Blazers’ focus is Sharpe in what they hope is a major draft night coup
The important phrase to remember: “Time will tell.”
It will take time — perhaps a couple of years, maybe even longer — to fully judge how Portland general manager Joe Cronin did on his first foray as shot-caller on NBA draft day.
Earlier in the week, Cronin pulled off what I would call a no-brainer, agreeing to a trade with the Detroit Pistons for high-scoring forward Jerami Grant while giving away … virtually nothing.
On Thursday night, the Trail Blazer GM did it with dice in his hands, taking mystery man Shaedon Sharpe with the seventh pick in the draft.
Sharpe, who turned 19 on May 30, is well aware the Blazers’ strength is at the guard position with the likes of Damian Lillard, Anfernee Simons and Josh Hart. Sharpe learned a little about the franchise during a June 14 pre-draft workout at the Blazers’ training facility, during which he met Lillard.
“They have a lot of great guards who can really play,” the native of London, Ontario, said. “I can’t wait to learn from Damian. He is a great guard himself and he has been in this league for an amount of time now.
“I’m really excited about to come to Portland.”
Sharpe has a wealth of potential, a 6-11 1/2 wingspan and all-around offensive skills, but frighteningly little experience with high levels of the sport.
The 6-5 1/2, 200-pound shooting guard last played a counting game in May 2020 with Dream City Christian in Glendale, Ariz. Sharpe, the consensus No. 1-ranked prospect from the 2022 class after playing his final season of high school ball with the Dreamers, didn’t enroll at Kentucky until January of this year. He practiced but never played for the Wildcats, leaving NBA scouts with less solid evidence to ponder than any other prospect in the draft.
“Unique situation,” Cronin said. “Didn’t play college. Wasn’t seen or evaluated nearly as much as all of these other guys.”
Cronin and his front-office staff gathered game video from where they could find it — as a member of the Canada team that won the silver medal at the U16 Americas Championship in Brazil in 2019, with various AAU teams in recent years. But they leaned on personal experience from watching Sharpe in one-on-one drills at the Chicago pre-draft camp and from the three-on-three workouts in Portland last week.
“We really dug into the (video) we had of him and watched as much as we could,” Cronin said. “But with Shaedon, who didn’t have that body of work, we had to rely more heavily on (the Chicago) combine and the workout here. He was really impressive, and it wasn’t just court time. During the workouts, you get to spend a lot of time with them as people and learn what drives and motivates them and what they’re about.”
What impressed the Blazer brass?
“His demeanor,” Cronin said. “His seriousness. The way he competed in the three-on-three workout. It really opened our eyes to where he is a solid player defensively, and you couldn’t rattle him offensively.”

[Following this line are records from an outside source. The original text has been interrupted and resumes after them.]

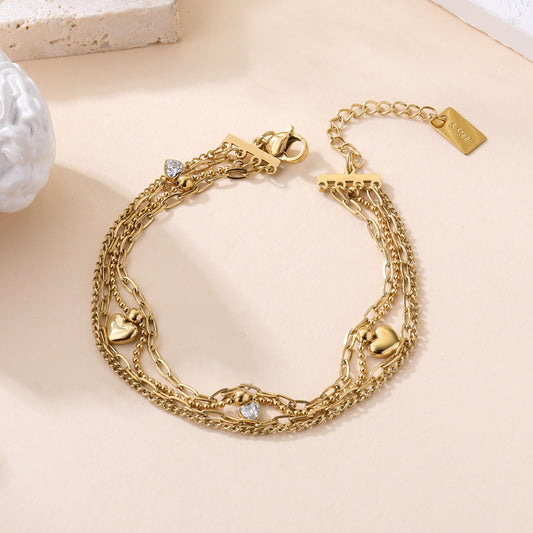 Bracelet quadruple rangs chaînes dorées acier inoxydable avec breloques cœurs et strass femme tendance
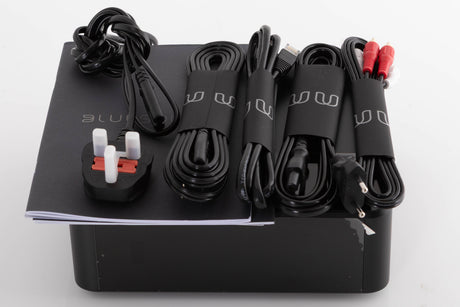 Top of a used Bluesound Node Icon Music Streamer in a Black finish showing Power Cable, Ethernet Cable, Interconnect Cable, Manual and Schuko Cables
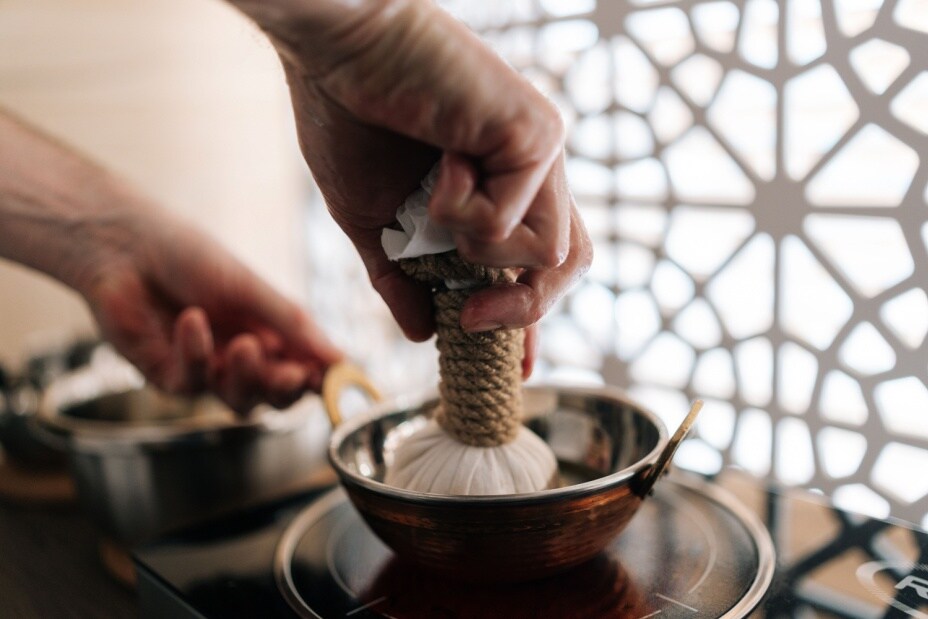 The hands of an Ayurvedic practitioner preparing a Shirodhara treatment.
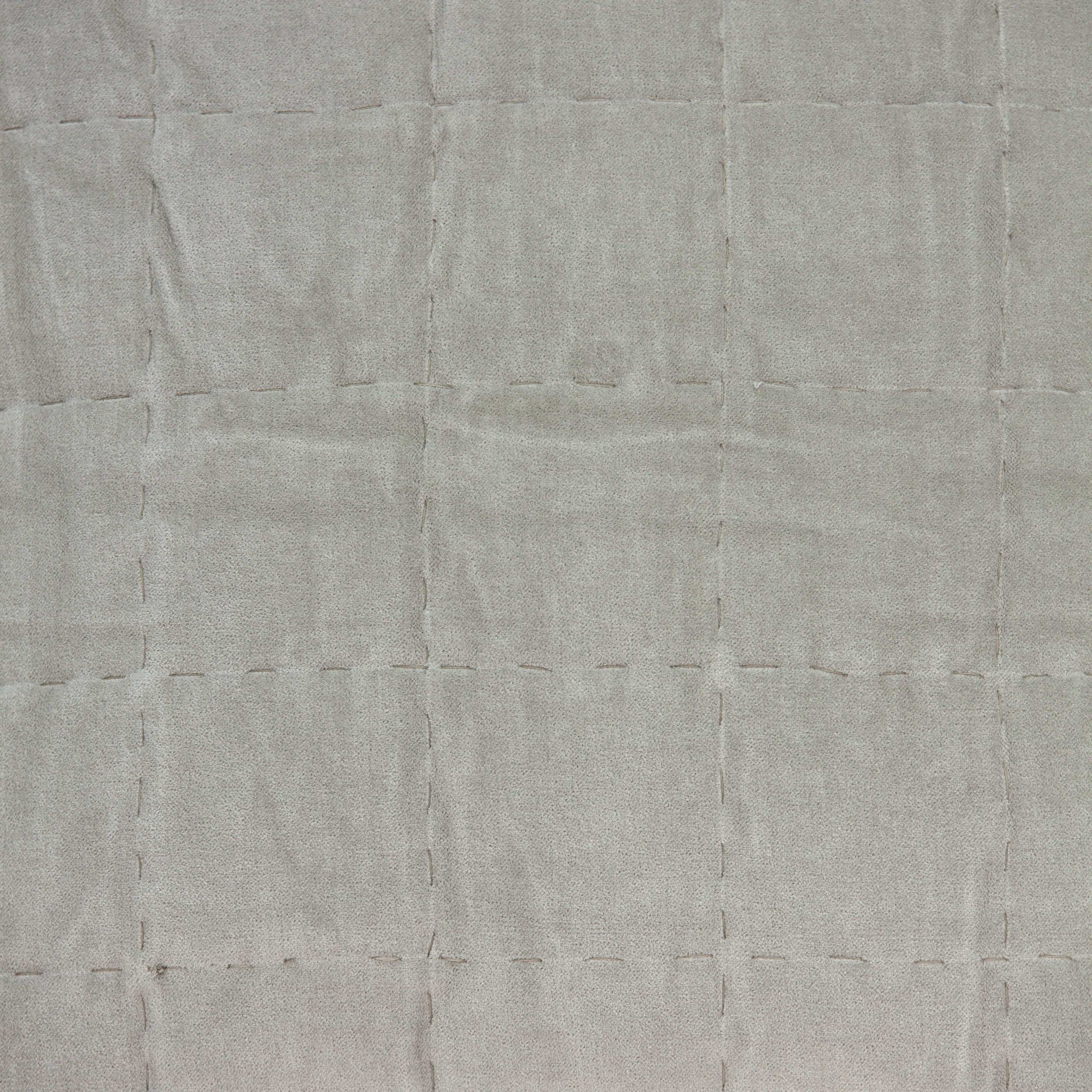 Transitional gray solid quilted pillow measuring 20x7x20 inches, featuring a soft cotton and viscose blend for comfort and style.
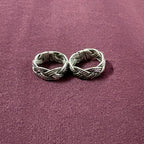 Braided Filigree Oxidized Band Toe Rings on maroon background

Sharpe wasn’t the only player the Blazers considered at No. 7, and there were other teams holding the next few picks who held high interest in the promising Canadian. It may be that Benedict Mathurin — a 6-6, 210-pound wing from Arizona, who went to Indiana with the sixth pick — was higher than Sharpe on Portland’s draft board. Sharpe was the one left, however, and the Blazers gobbled him up with the idea that he might be able to earn rotation minutes as a rookie in their crowded backcourt.
“He is talented enough to play right away,” Cronin told me. “He will get some minutes. He is going to have to come in and earn it, but talent-wise he is very capable of competing.”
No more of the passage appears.